Je ne vais pas vous cacher que je ne crois pas aux liens du sang. Je pense que l'amour et le sentiment d'appartenir à une famille ne se transmettent pas génétiquement. Être un parent, être un enfant, être un frère ou une sœur doit être un geste conscient et qui s'inscrit dans le temps. C'est une question d'investissement, de responsabilité, de confiance.
Cela ne m'empêche pas de respecter votre démarche. En devenant mère, et pour mieux transmettre une histoire, vous avez besoin de savoir qui vous êtes. Quoi que vous trouviez et si vous trouvez quoi que ce soit, mon seul conseil concernera celles et ceux qui vous entourent depuis des années. Ne privilégiez pas un mystère à une histoire que vous connaissez déjà et qui semble belle. Ne blessez pas pour des incertitudes et l'espoir fou de faire partie d'une plus grande famille encore. Votre famille, c'est vous qui la construisez. Votre histoire, votre véritable histoire, vous la connaissez déjà.

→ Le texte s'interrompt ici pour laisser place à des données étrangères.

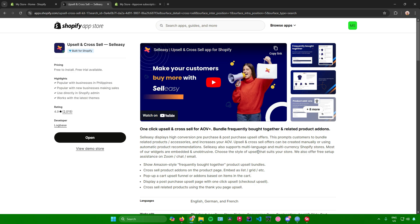That's pretty much it on how to set up cross-selling in Shopify. If you found this video helpful, don't forget to leave a like and subscribe for more tech tips. That is all.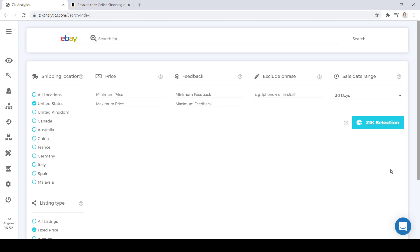Remember, you can use this same process when sourcing products from Walmart.com, TheHomeDepot.com, AliExpress.com, or any other supplier you would like to source your products from.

La recherche que vous êtes en train d'entreprendre n'appartient qu'à vous. Mais tentez de dialoguer au mieux avec les personnes qui vous sont proches et qui pourraient ne pas comprendre. Imaginez ce qu'a pu traverser votre père à l'époque de ce choix et ce qu'il traverse aujourd'hui et qui pourrait lui sembler remettre en cause la relation qu'il a construite avec vous pendant des années. Vous avez le droit de vouloir savoir qui est votre géniteur mais retrouver sa trace ne vous donnera pas plus de lien avec lui que vous n'en partagez aujourd'hui. Ce sera également le cas si vous retrouvez la trace de demi-frères et sœurs.
Je crois à la communication avant tout et je sais combien les secrets de famille peuvent être toxiques par-delà les générations. Et comme il n'y a aucune honte à avoir à être issue d'une famille aimante, je ne vous conseille pas de cacher vos origines à votre fils, en adaptant évidemment votre discours à son âge. Exprimez vos besoins et votre souffrance sans oublier celles de vos proches. J'espère de tout cœur que cette réflexion vous rapprochera tous et toutes, et que vous trouverez l'apaisement, puisque vous avez déjà l'amour.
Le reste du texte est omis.